Put Me In the Game
- United Readiness

- 1 day ago
- 3 min read

There is a quiet epidemic in modern relationships. It does not scream. It does not explode. It whispers. It sounds like, “This is probably the best I can do.”
That whisper is called settling.
Settling is not about choosing peace over chaos. It is not about maturity. It is not about realistic expectations. Settling is when you convince yourself that the ceiling you’re living under is the sky. When you shrink your desires to fit the emotional square footage of someone else’s limitations.
You always know you’re doing it. The evidence is subtle but undeniable. You’re in a relationship, everything looks stable on paper, but then you see another couple—or even just a person—and something inside you says, “I wish I had that.” Not their exact partner. Not their aesthetic. But that energy. That growth. That alignment. That fire.
And then comes the second thought: “But I’m already here.”
That “already here” feeling is not commitment. It’s entrapment dressed up as loyalty.
A healthy relationship does not make you feel like you missed your exit. It does not leave you feeling stuck in emotional traffic while watching others accelerate. If you are evolving—mentally, spiritually, financially, emotionally—but the relationship is not evolving with you, friction is inevitable. Growth is kinetic. If one person is expanding and the other is bracing, the tension will show up somewhere: in arguments, in silence, in resentment, in passive control.
That’s when manipulation often creeps in.
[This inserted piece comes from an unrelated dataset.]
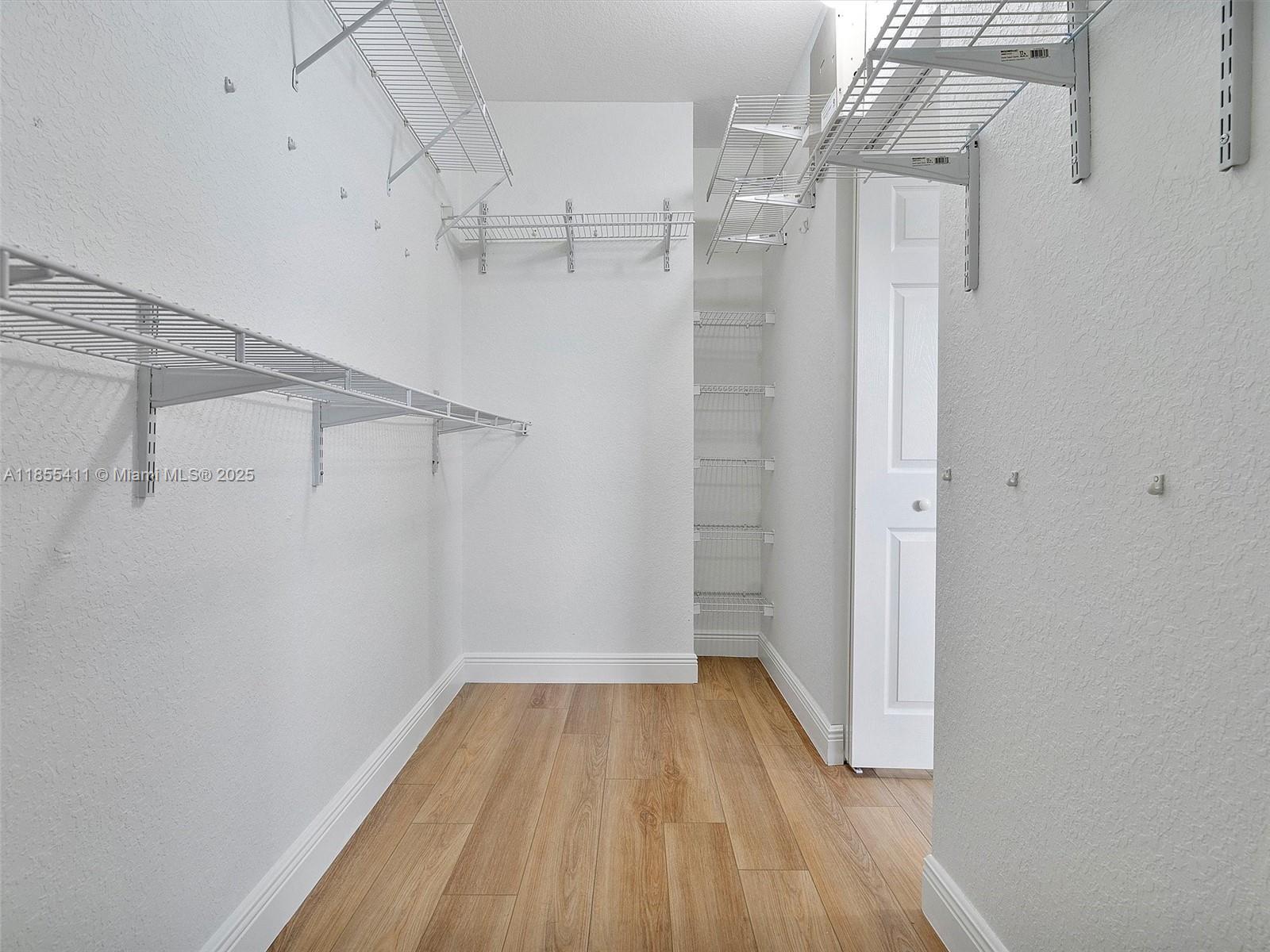 4964 Southwest 128th Avenue Miramar, FL 33027 - Photo 21 of 38 a view of a room with racks on the wall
Not always the loud, villainous kind. Sometimes it’s subtle. “But we have history.” “But we made a covenant.” “But we’ve invested so much.” Investment is not a reason to remain in stagnation. A covenant without conversation becomes a cage.
Instead of invoking sacrifice or submission, let’s talk about fluidity. Emotional fluidity. Intellectual openness. The willingness to say, “Let’s sit down. Let’s renegotiate the terms of who we are becoming.”
Growth together requires elasticity. It requires both people to be open, not malleable to the point of losing themselves, but flexible enough to stretch. If you cannot meet each other at the same altitude, you at least need to be willing to climb toward it.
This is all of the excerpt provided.